Images excluded, repeat each entry below exactly.

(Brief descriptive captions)
═══

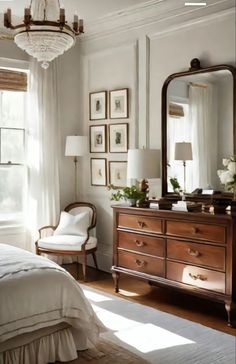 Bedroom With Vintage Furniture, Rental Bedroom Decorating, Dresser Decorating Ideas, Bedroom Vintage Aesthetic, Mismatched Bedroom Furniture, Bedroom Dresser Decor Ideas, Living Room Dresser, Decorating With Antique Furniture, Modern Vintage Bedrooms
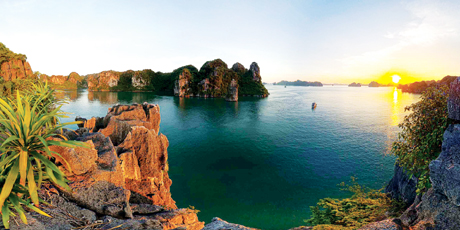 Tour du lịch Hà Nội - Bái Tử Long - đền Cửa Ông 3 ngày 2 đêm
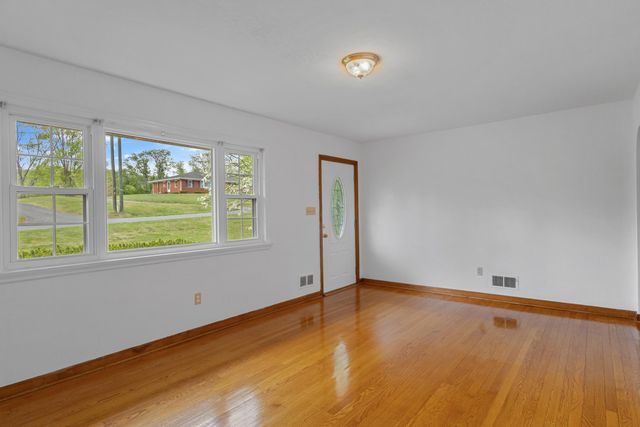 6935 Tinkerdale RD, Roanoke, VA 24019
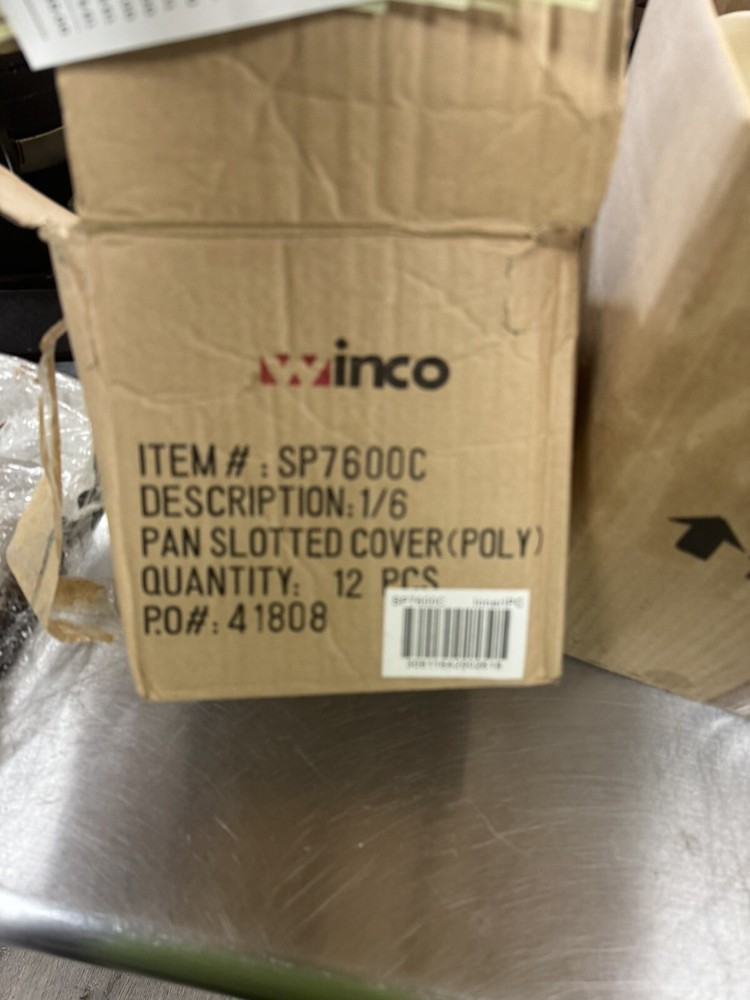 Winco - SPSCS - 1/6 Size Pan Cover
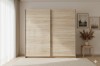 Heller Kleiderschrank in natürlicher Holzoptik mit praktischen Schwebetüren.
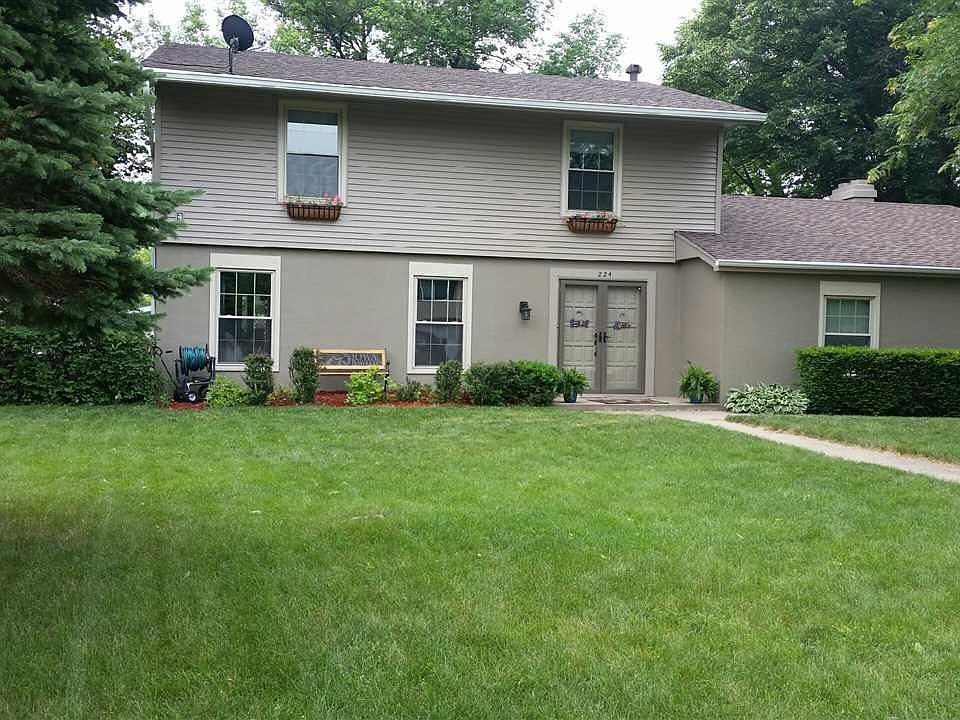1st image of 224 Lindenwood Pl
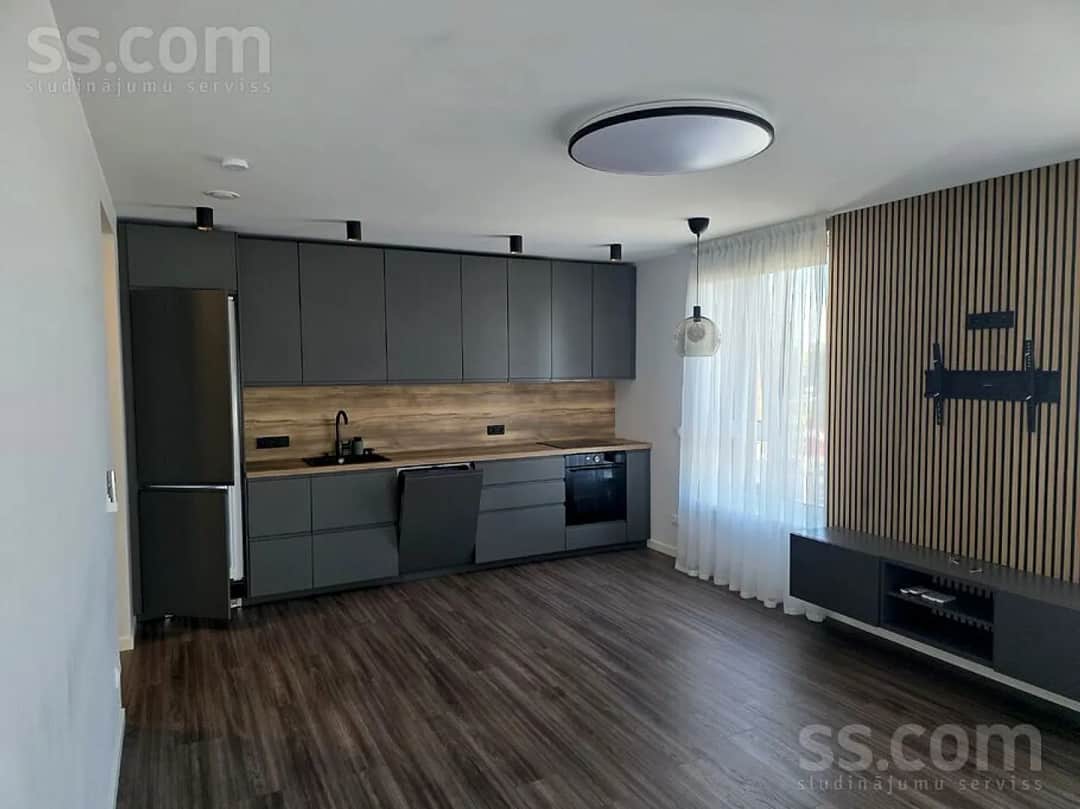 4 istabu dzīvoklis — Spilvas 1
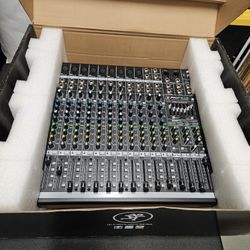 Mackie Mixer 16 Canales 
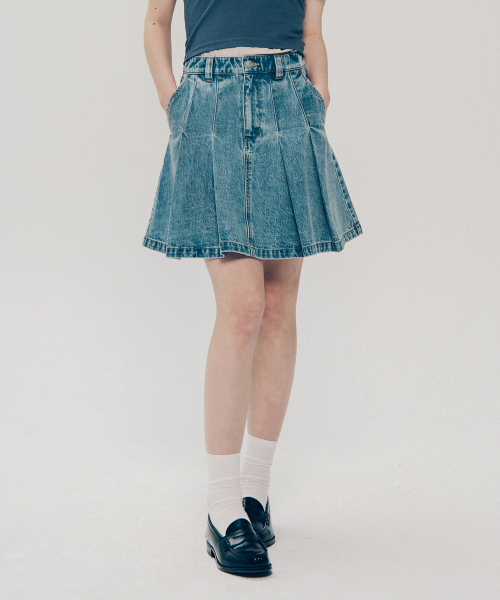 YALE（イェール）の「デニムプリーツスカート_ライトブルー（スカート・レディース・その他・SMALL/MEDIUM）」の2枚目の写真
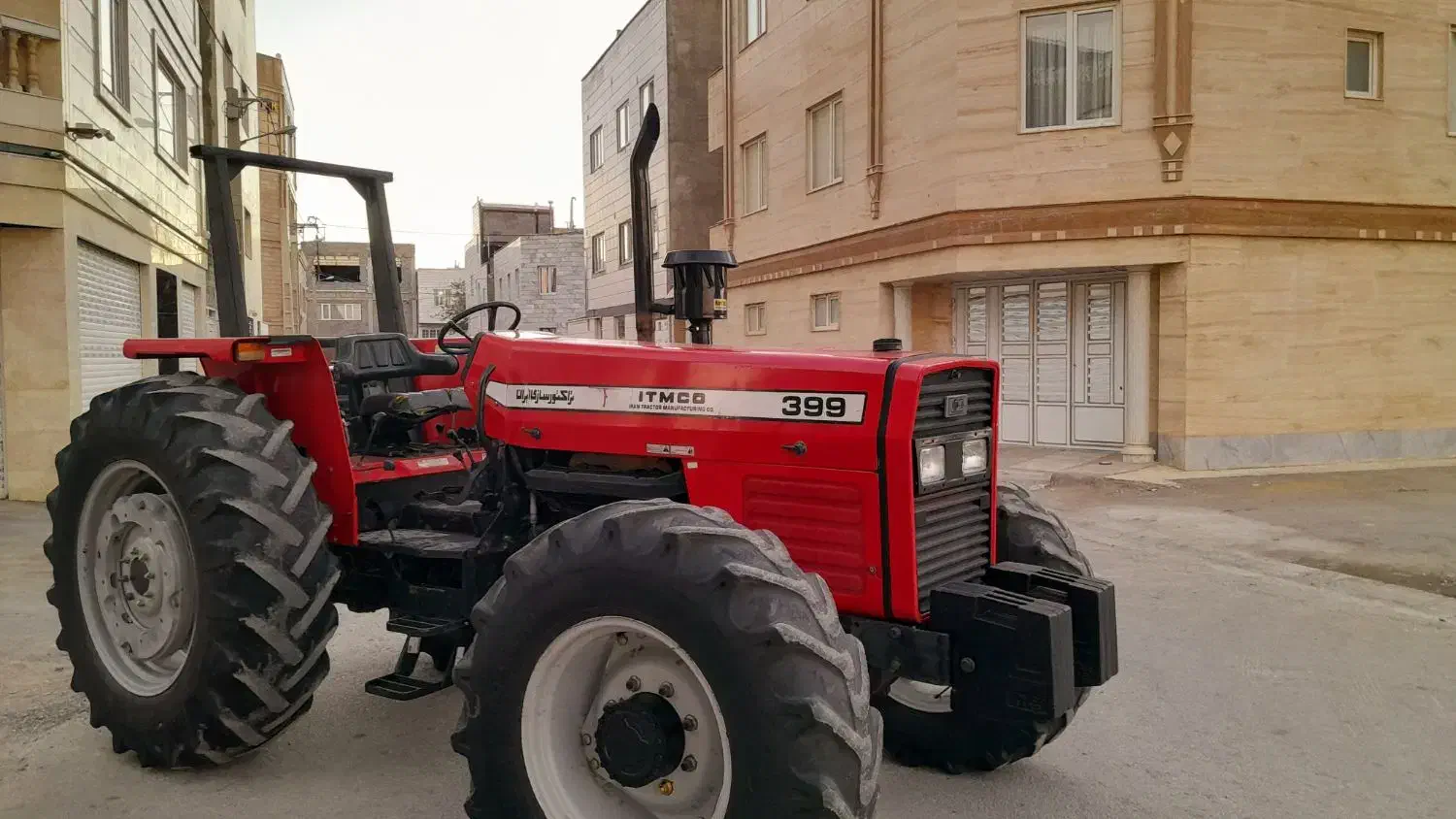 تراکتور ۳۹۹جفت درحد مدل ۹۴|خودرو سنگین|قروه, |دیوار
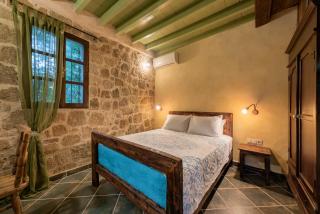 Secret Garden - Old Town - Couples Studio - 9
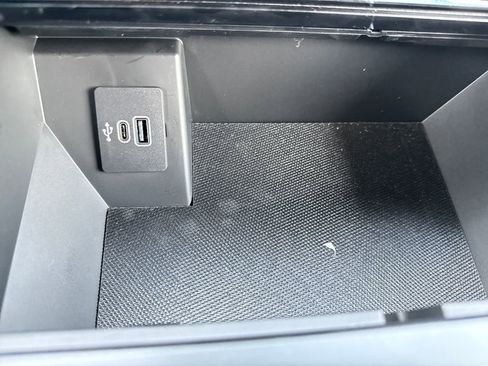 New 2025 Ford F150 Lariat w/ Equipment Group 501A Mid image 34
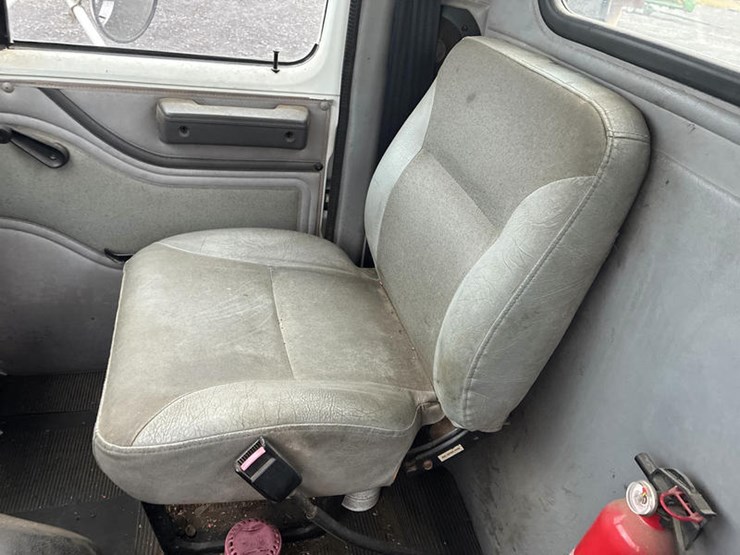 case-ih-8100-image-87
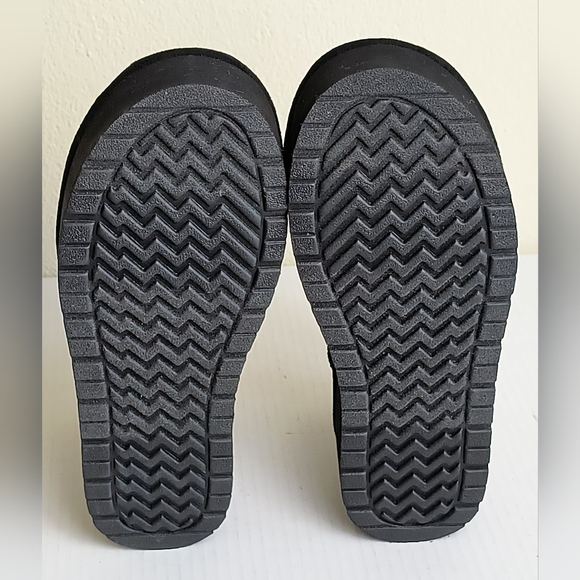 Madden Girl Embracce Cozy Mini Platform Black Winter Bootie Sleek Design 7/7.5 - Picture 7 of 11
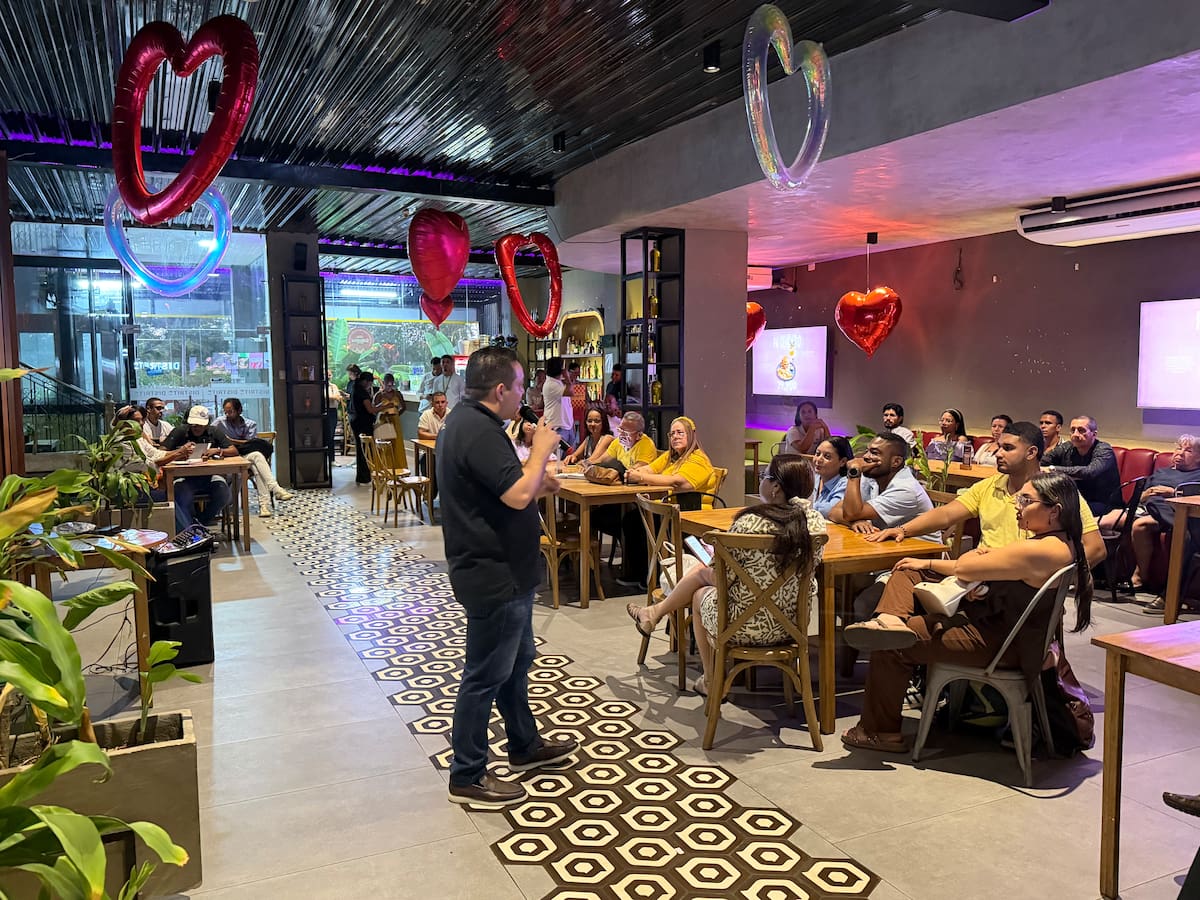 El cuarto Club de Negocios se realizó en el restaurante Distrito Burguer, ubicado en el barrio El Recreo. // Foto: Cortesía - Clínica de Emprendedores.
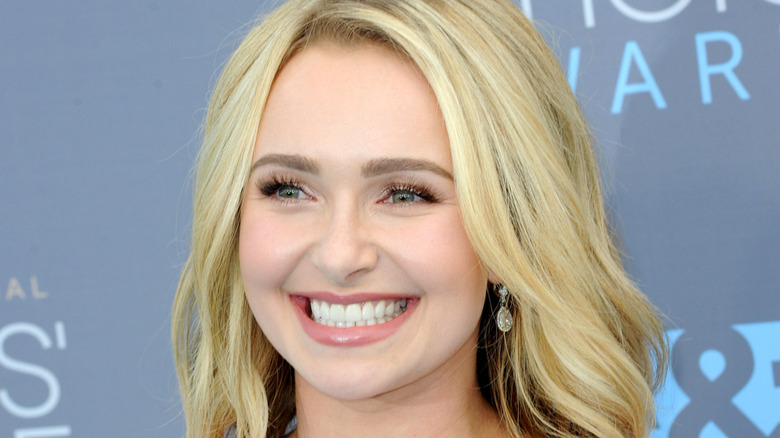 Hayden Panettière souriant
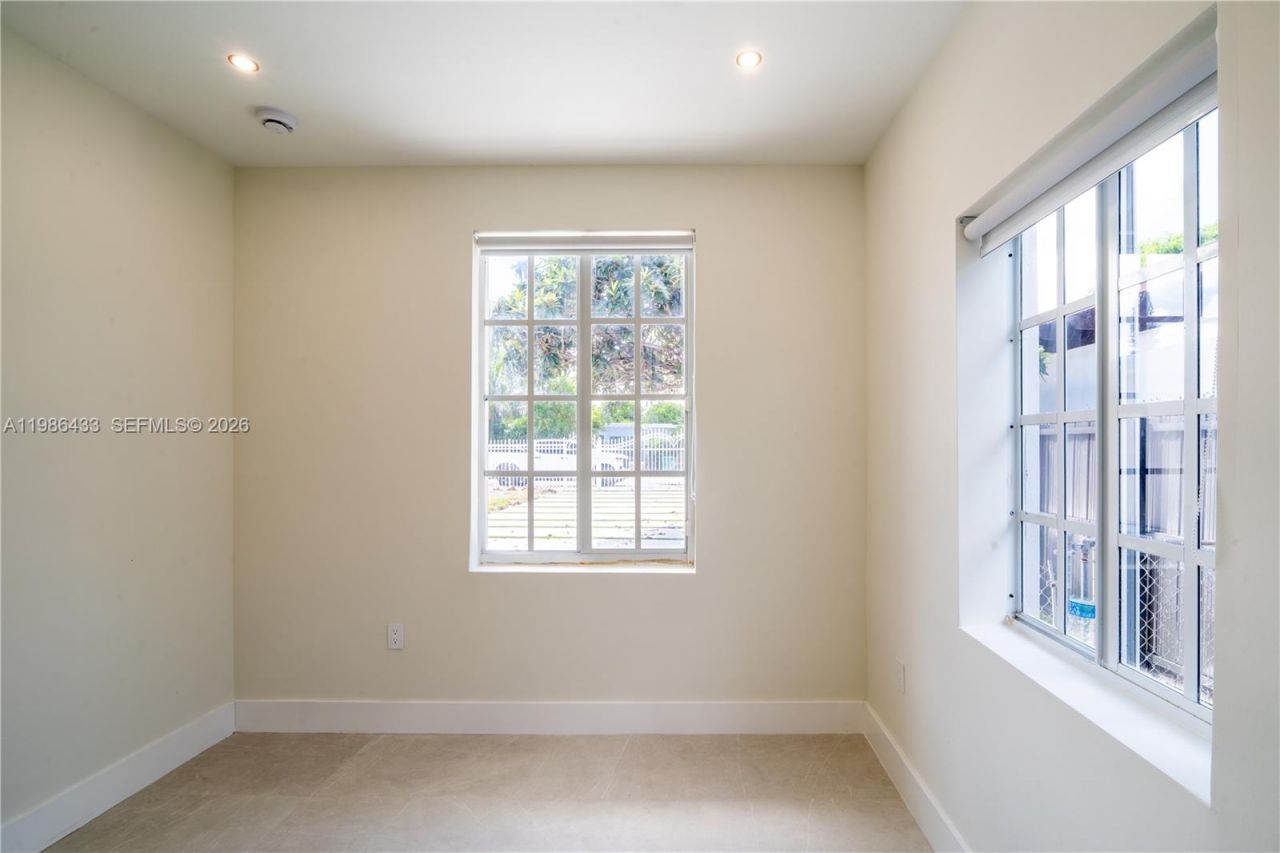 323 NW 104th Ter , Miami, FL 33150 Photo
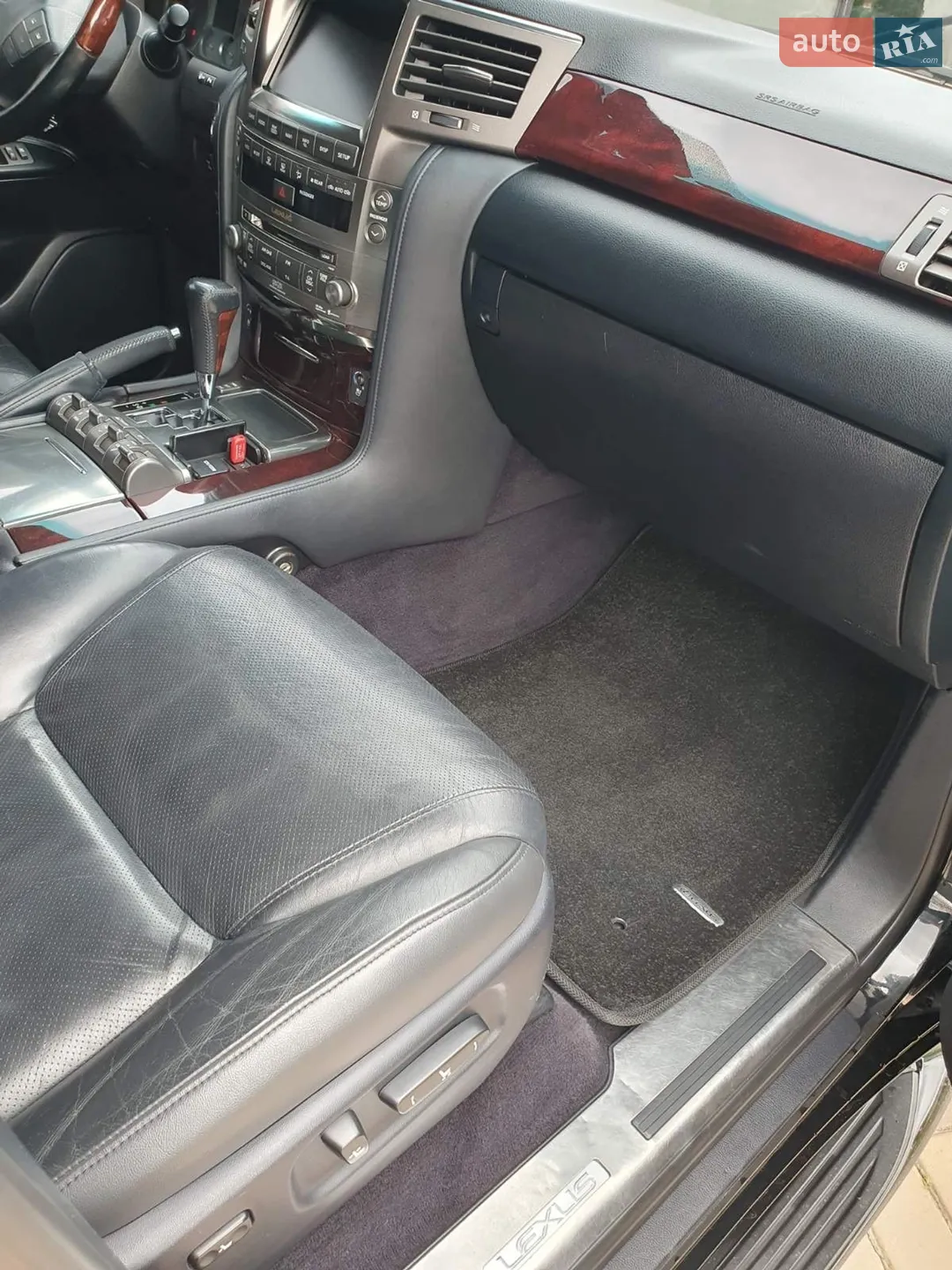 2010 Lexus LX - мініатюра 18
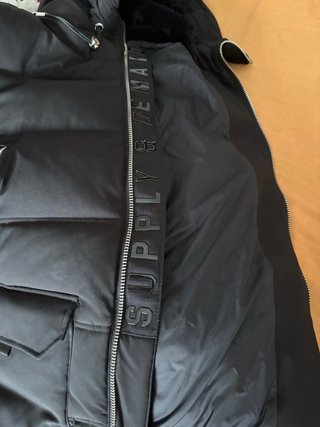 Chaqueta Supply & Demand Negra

═══

• Exercise result:
 Bedroom With Vintage Furniture, Rental Bedroom Decorating, Dresser Decorating Ideas, Bedroom Vintage Aesthetic, Mismatched Bedroom Furniture, Bedroom Dresser Decor Ideas, Living Room Dresser, Decorating With Antique Furniture, Modern Vintage Bedrooms
 Tour du lịch Hà Nội - Bái Tử Long - đền Cửa Ông 3 ngày 2 đêm
 6935 Tinkerdale RD, Roanoke, VA 24019
 Winco - SPSCS - 1/6 Size Pan Cover
 Heller Kleiderschrank in natürlicher Holzoptik mit praktischen Schwebetüren.
1st image of 224 Lindenwood Pl
 4 istabu dzīvoklis — Spilvas 1
 Mackie Mixer 16 Canales 
 YALE（イェール）の「デニムプリーツスカート_ライトブルー（スカート・レディース・その他・SMALL/MEDIUM）」の2枚目の写真
 تراکتور ۳۹۹جفت درحد مدل ۹۴|خودرو سنگین|قروه, |دیوار
 Secret Garden - Old Town - Couples Studio - 9
 New 2025 Ford F150 Lariat w/ Equipment Group 501A Mid image 34
 case-ih-8100-image-87
 Madden Girl Embracce Cozy Mini Platform Black Winter Bootie Sleek Design 7/7.5 - Picture 7 of 11
 El cuarto Club de Negocios se realizó en el restaurante Distrito Burguer, ubicado en el barrio El Recreo. // Foto: Cortesía - Clínica de Emprendedores.
 Hayden Panettière souriant
 323 NW 104th Ter , Miami, FL 33150 Photo
 2010 Lexus LX - мініатюра 18
 Chaqueta Supply & Demand Negra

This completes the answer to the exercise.